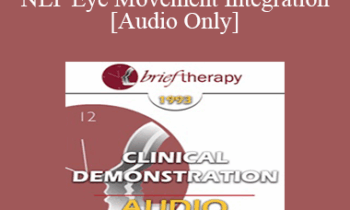 [Audio] BT93 Clinical Demonstration 04 - NLP Eye Movement Integration - Steve Andreas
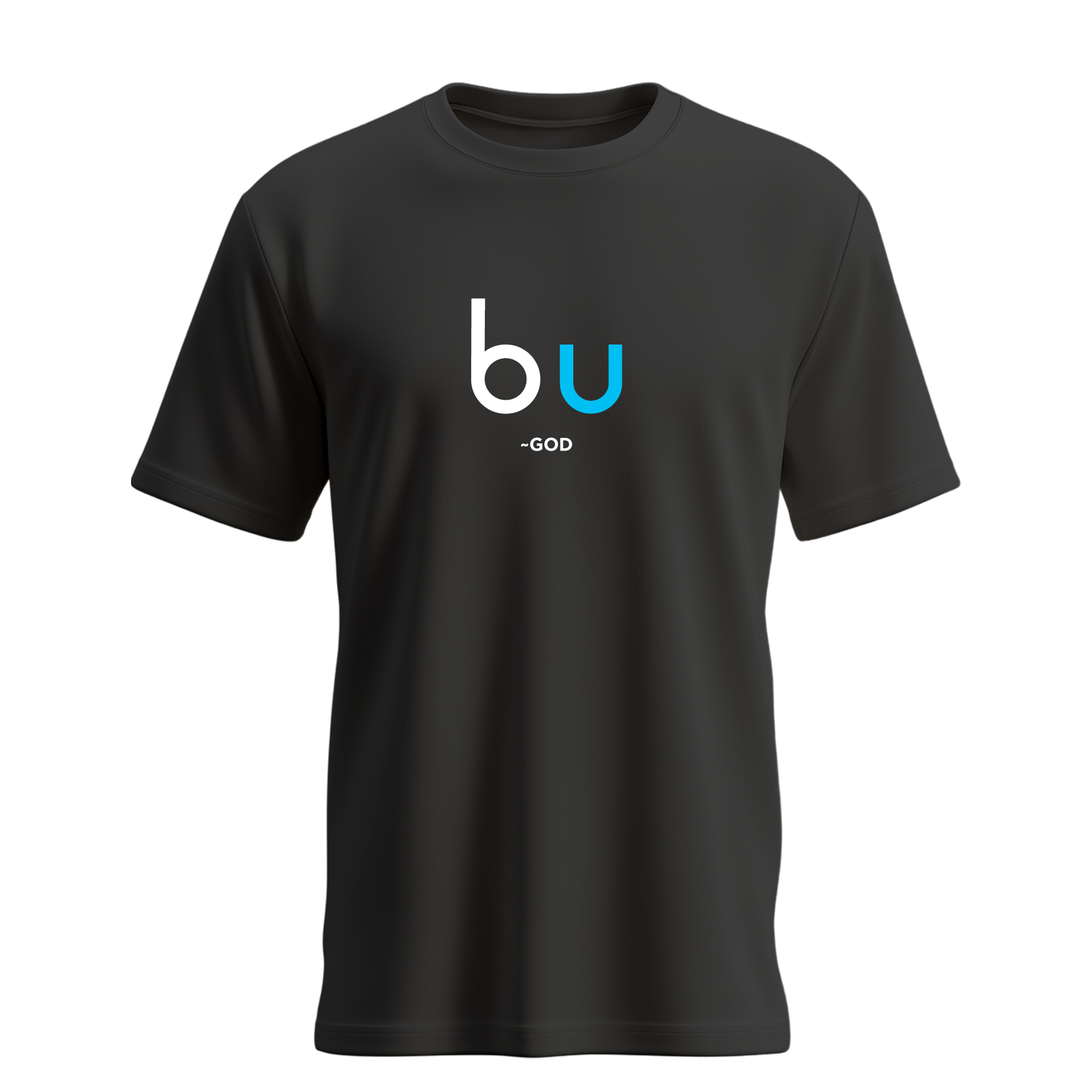 B U from GOD Shirt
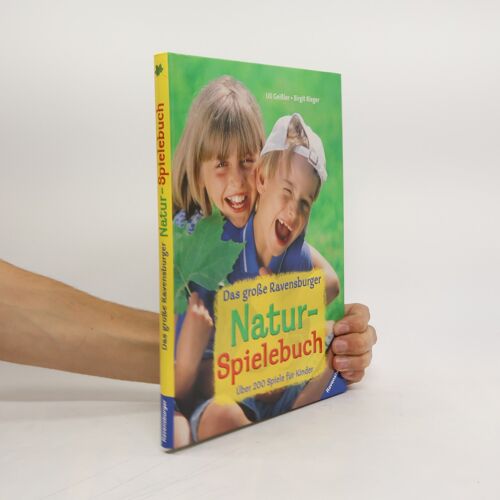 Das Große Ravensburger Natur-Spielebuch: Über 200 Spiele Für Kinder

Problem details: Exclude the images, then output the data above word for word.

Solution to this exercise:
 [Audio] BT93 Clinical Demonstration 04 - NLP Eye Movement Integration - Steve Andreas
 B U from GOD Shirt
 Das Große Ravensburger Natur-Spielebuch: Über 200 Spiele Für Kinder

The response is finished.